Solo el último gran caso de corrupción vinculado a los exdirectivos de la Fundación Andaluza de Fondo de Formación y Empleo (Faffe) con gastos irregulares en clubs de alterne, carece de cualquier efecto positivo sobre la población. Y ese es también el más presente en las intervenciones de Moreno durante esta campaña. “Queremos denunciar la corrupción socialista, pero con criterio. Juanma [Moreno] ha liderado el caso de los prostíbulos y los ERE ya estaba trillado. Esa denuncia lleva su sello y se ha explotado bien. El Don Angelo [principal club de alterne investigado por el instituto armado y hoy abandonado] es la mejor metáfora del PSOE, un edificio en ruinas donde se ha disfrutado mucho”, censuran fuentes del partido.

La corrupción interna del PP impide que sus ataques al PSOE sean admitidos sin más por los votantes, subraya Simón. “El problema es la credibilidad del actor. Para ellos la corrupción tiene un efecto bumerán y es difícil que Ciudadanos no les ponga un espejo”, considera el politólogo.

¿Da votos hoy día denunciar la corrupción? “No es una cuestión de votos, sino de responsabilidad. No puedo mirar para otro lado si ha habido un gasto en prostíbulos o en cursos de formación, con comilonas que pagamos los andaluces… Mi obligación es fiscalizar al Gobierno y presentar una alternativa. Mientras gobierne el Partido Socialista es imposible no hablar de corrupción”, sostiene Moreno. El candidato saca a colación en sus intervenciones la imputación del presidente de la Diputación de Huelva, Ignacio Caraballo, o el caso Alhambra que provocó la destitución de la exdirectora del monumento nazarí, Mar Villafranca.

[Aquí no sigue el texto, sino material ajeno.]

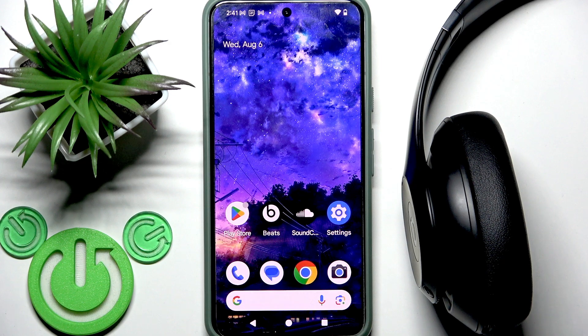Hello everybody and welcome. In this video I am going to show you how to unpair your Beats Studio Pro headphones from your Android device.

Moreno alega que “tiene la obligación” de denunciar la corrupción “en la comunidad autonómica con más corrupción”, según el informe de competitividad de la Unión Europea en 2017. “Y el líder de la oposición no puede dejar pasar esto. Tenemos que denunciarla”, sostiene. Su número dos, la secretaria general del PP andaluz, Dolores López, elude el tema en campaña: "Yo no estoy hablando de corrupción, hablo de empleo, de impuestos y de sanidad. ¿Qué tema interesa más? La sanidad, sin duda, en Huelva por ejemplo se ha desmantelado. Esperando la ambulancia se murieron dos personas la semana pasada", incide.

En un ensayo sobre corrupción publicado en 2013, los politólogos Gonzalo Rivero, Pablo Barberá y Pablo Fernández analizaron el coste que conllevó a ciertos alcaldes en las urnas estar implicado en asuntos turbios entre 2007 y 2013. Y la conclusión es que los regidores que perjudicaron el gasto en servicios públicos sufrieron solo un descenso medio de votos del 4%, mientras que los que produjeron un enriquecimiento de sus localidades, salieron incólumes a ojos de sus vecinos en las siguientes elecciones porque estos valoraron los beneficios indirectos de sus prácticas ilícitas.